Friday, December 7, 2018
Crippled Black Phoenix : " Great Escape"
This project of Justin Greaves the drummer for Iron Monkey and Electric Wizard, typically embarks on a more psychedelic rock vein. This is still the case with ample doses of progressive rock which is still in the 70s rock zip code. Melodic vocals and a bong laden mood, allow the opening song to coast with the relaxed Pink Floyd like vibe. "Madman" blends kraut rock with a more Queens of the Stoneage like groove. It works off of a space age tension. "Times They Are a Raging" is almost a ballad that reminds me of Porcupine Tree. It's emotive and really well preformed. Though lyrically a little more of a political metaphor than I might care for. At 11 minutes they have plenty of time to build into a more powerful harder hitting take on prog, while not a carbon copy it is a similar dynamic that is employed by Tool thought less explosive here.
"Rain Black,Reign Heavy" has a more country tinged folk vibe with female vocals taking center stage. It does build up into something more rock in the songs final moments. After a synth driven instrumental interlude they pick up where they left off while allowing the drugs to kick in on "Nebulas". I think this song is an excellent example of what they are capable when all of their sonic sides are represented. They even reach a hypnotic sonic space closer to Swans. "Las Diabolicas" drones on a tense rock riff while the vocals have a robotic effect on them. This is the most straight forward song on the album.
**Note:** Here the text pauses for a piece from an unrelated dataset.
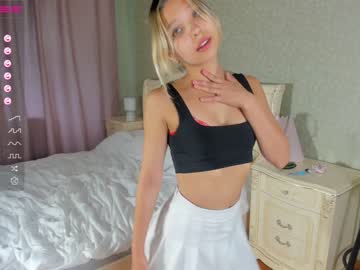 webcam girl mooon_and_sun live cam image #5052099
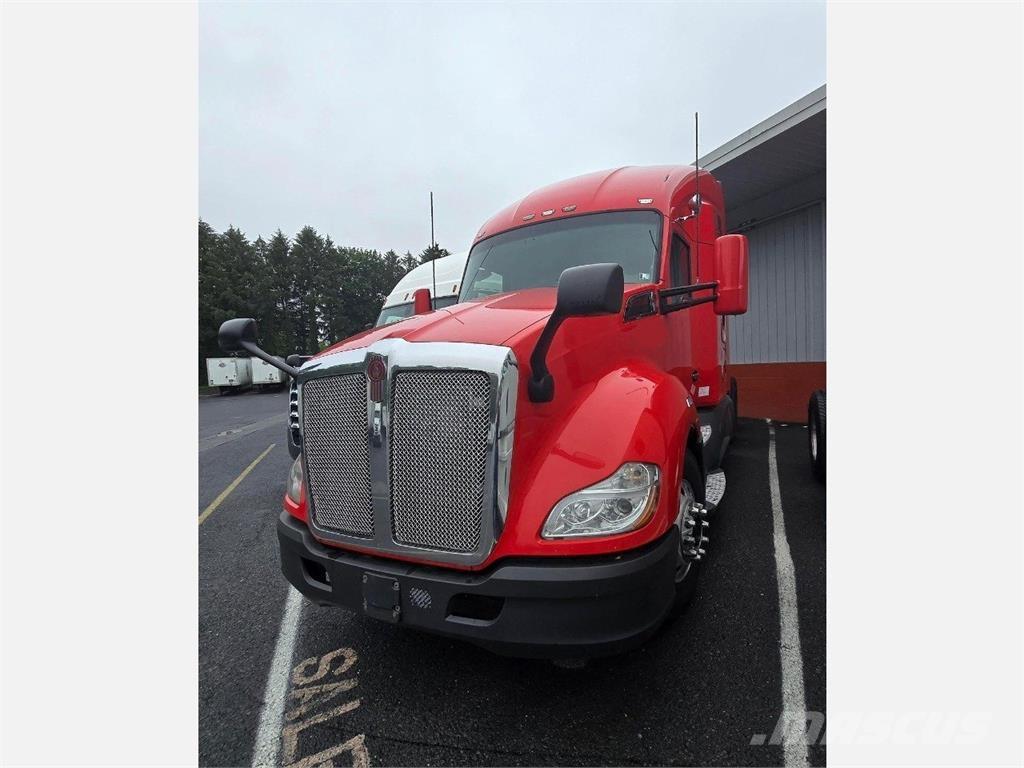 Kenworth T680 Autotractoare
The first part of the great escape is so atmospheric it almost doesn't exist as a song. The second part is more substantial. It works off a blues tinged spacegroove with the smooth vocals sitting back into the song. Then the pause at the four and a half minute mark makes me wonder if this breather is a reason to justify a 13 minute song of it that should have been part two ending at that point and now we are onto what should be part 3? If you are into guitar solos there are some pretty outstanding ones. Not that guitar solos make or break a song in my book here. Not to mention the guitar solos pretty much rip David Gilmore off. I'll give this album a 9, when it comes to proggy rock these guys do it smoother than most.